- **TASK TO COMPLETE**
Output all of the entries beneath, exactly as written.

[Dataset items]

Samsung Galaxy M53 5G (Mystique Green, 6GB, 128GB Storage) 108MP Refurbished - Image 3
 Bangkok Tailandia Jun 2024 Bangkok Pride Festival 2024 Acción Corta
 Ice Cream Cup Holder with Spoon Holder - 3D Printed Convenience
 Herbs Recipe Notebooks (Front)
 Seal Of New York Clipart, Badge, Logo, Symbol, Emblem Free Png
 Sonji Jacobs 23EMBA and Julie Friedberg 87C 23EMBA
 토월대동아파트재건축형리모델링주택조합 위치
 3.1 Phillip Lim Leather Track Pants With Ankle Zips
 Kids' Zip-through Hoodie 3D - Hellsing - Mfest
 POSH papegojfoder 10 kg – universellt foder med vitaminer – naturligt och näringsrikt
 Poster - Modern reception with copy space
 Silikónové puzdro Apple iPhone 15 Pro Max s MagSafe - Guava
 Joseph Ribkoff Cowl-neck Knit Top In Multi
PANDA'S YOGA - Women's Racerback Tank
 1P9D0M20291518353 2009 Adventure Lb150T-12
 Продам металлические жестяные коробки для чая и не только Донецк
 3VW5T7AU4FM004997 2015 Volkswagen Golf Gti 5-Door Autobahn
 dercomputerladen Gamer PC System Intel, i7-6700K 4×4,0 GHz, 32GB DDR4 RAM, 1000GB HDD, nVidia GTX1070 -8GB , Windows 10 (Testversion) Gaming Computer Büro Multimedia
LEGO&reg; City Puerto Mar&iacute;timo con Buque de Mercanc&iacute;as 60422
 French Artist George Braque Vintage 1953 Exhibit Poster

- **TASK RESPONSE**
Samsung Galaxy M53 5G (Mystique Green, 6GB, 128GB Storage) 108MP Refurbished - Image 3
 Bangkok Tailandia Jun 2024 Bangkok Pride Festival 2024 Acción Corta
 Ice Cream Cup Holder with Spoon Holder - 3D Printed Convenience
 Herbs Recipe Notebooks (Front)
 Seal Of New York Clipart, Badge, Logo, Symbol, Emblem Free Png
 Sonji Jacobs 23EMBA and Julie Friedberg 87C 23EMBA
 토월대동아파트재건축형리모델링주택조합 위치
 3.1 Phillip Lim Leather Track Pants With Ankle Zips
 Kids' Zip-through Hoodie 3D - Hellsing - Mfest
 POSH papegojfoder 10 kg – universellt foder med vitaminer – naturligt och näringsrikt
 Poster - Modern reception with copy space
 Silikónové puzdro Apple iPhone 15 Pro Max s MagSafe - Guava
 Joseph Ribkoff Cowl-neck Knit Top In Multi
PANDA'S YOGA - Women's Racerback Tank
 1P9D0M20291518353 2009 Adventure Lb150T-12
 Продам металлические жестяные коробки для чая и не только Донецк
 3VW5T7AU4FM004997 2015 Volkswagen Golf Gti 5-Door Autobahn
 dercomputerladen Gamer PC System Intel, i7-6700K 4×4,0 GHz, 32GB DDR4 RAM, 1000GB HDD, nVidia GTX1070 -8GB , Windows 10 (Testversion) Gaming Computer Büro Multimedia
LEGO&reg; City Puerto Mar&iacute;timo con Buque de Mercanc&iacute;as 60422
 French Artist George Braque Vintage 1953 Exhibit Poster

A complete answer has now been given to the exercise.